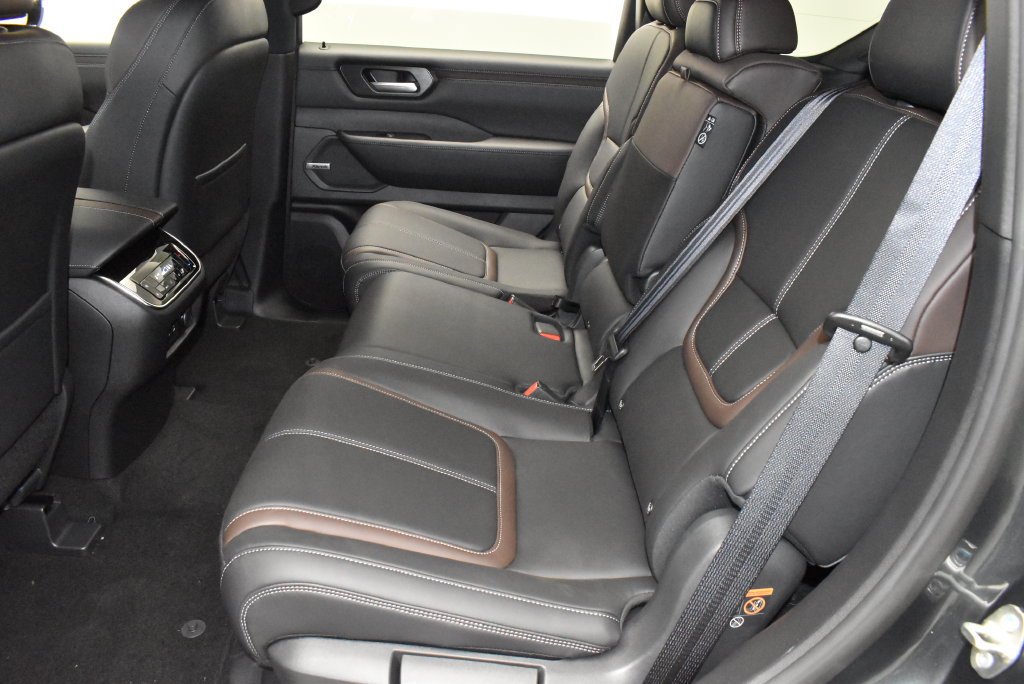 New 2026 Nissan Armada SL AWD/4WD image 40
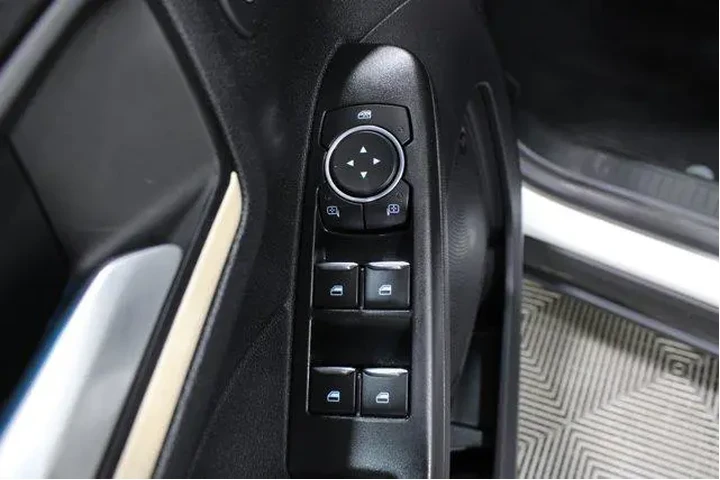 $29892 : Ford Escape 2022 AWD Titaniu image 7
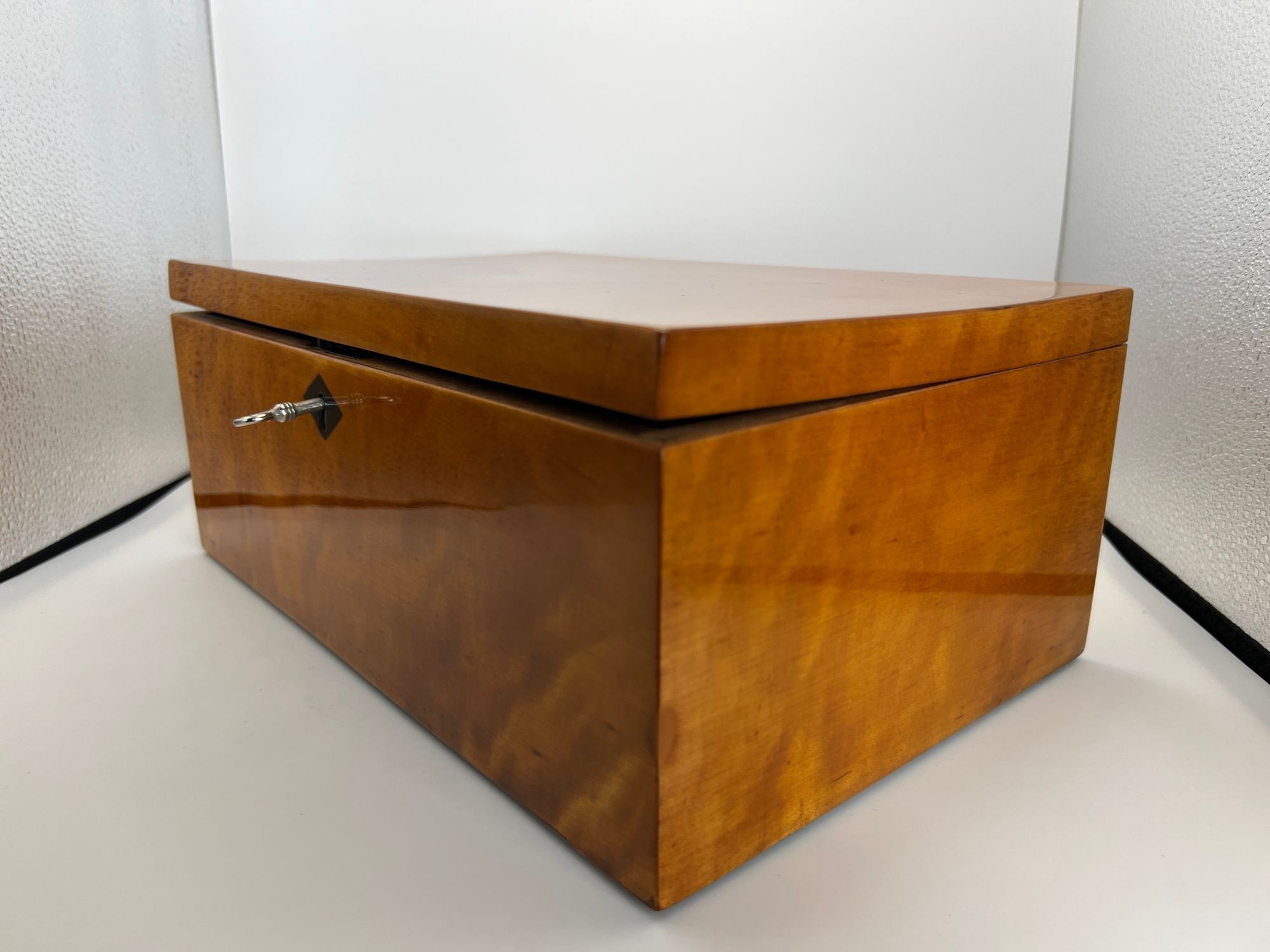 Biedermeier Birch Box, Northern Germany, circa 1840 - Image 11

※ ※ ※

Print the material above once more, exactly. No pictures belong in it.

 New 2026 Nissan Armada SL AWD/4WD image 40
 $29892 : Ford Escape 2022 AWD Titaniu image 7
 Biedermeier Birch Box, Northern Germany, circa 1840 - Image 11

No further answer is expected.